2. The read_environ() method is strictly for use with CGI-to-WSGI 
gateways, or for bridging other CGI-like protocols (e.g. FastCGI) to 
WSGI.  It is ONLY for server implementers, in other words, and the 
typical app developer is doing something terribly wrong if they are 
even bothering to read its documentation.  ;-)

3. The primary relevance of the "native string" type to an app 
developer is that when porting code from Python 2 to 3, they must 
still decode environment variable values, even though they are 
"already" Unicode.  If their code was previously dealing only in 
Python 2 'str' objects, then nothing really changes.  If they were 
previously decoding from environ str's to unicode, then they must 
replace their prior .decode('whatever') with 
.encode('latin1').decode('whatever').  That's basically it for 
porting from Python 2.

IOW, this design choice allows most HTTP header manipulating code 
(whether input or output) to be ported to Python 3 with a very 
mechanical change pattern.  Most such code is working with ASCII 
anyway, since normally both input and output headers are, and there 
are few headers that an application would be likely to convert to 
actual unicode anyway.

On output via send_response(), if an application is currently 
encoding an output header  -- why they would be, I have no idea, but 
if they are -- they need to add a re-encode to latin1.  (i.e., 
.encode('whatever').decode('latin1'))

IOW, a short 2-to-3 porting guide for WSGI:

* If you just used strings for headers before, that part of your code 
doesn't change.  (And if it was broken before, it's still broken in 
exactly the same way.  No new breakage is introduced. ;-) )

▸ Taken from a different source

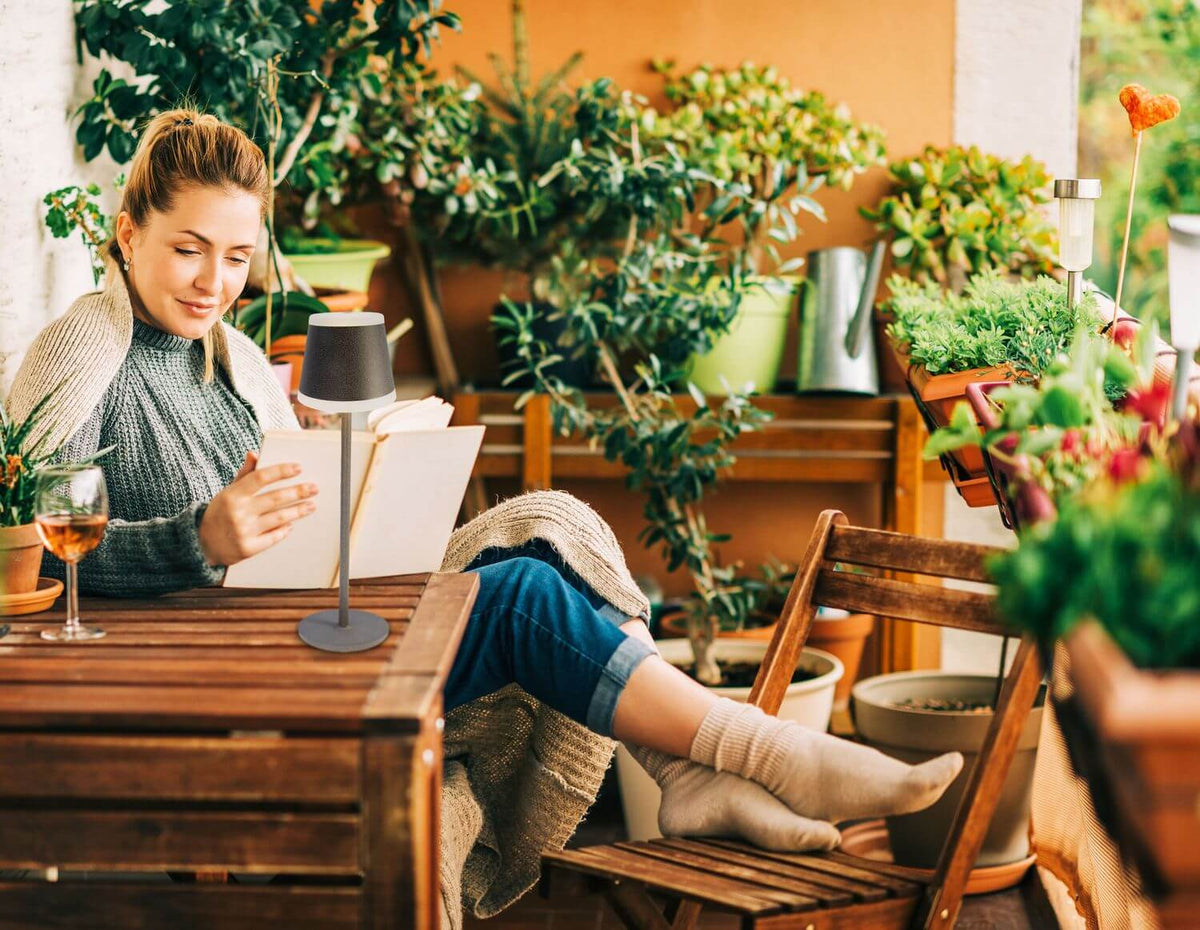 Mise en ambiance : lampe posée sur une table en bois, femme lisant sur une terrasse fleurie.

* If you encoded any output headers or decoded any input headers, you 
must take into account the extra latin1 step.  This is expected to be 
rare, since it's usually only SCRIPT_NAME and PATH_INFO that anybody 
would ever care about on input, and almost never anything on output.

* Values yielded by an application or sent via a write() call MUST be 
byte strings; The environ and start_response() MUST be native 
strings.  No mixing and matching.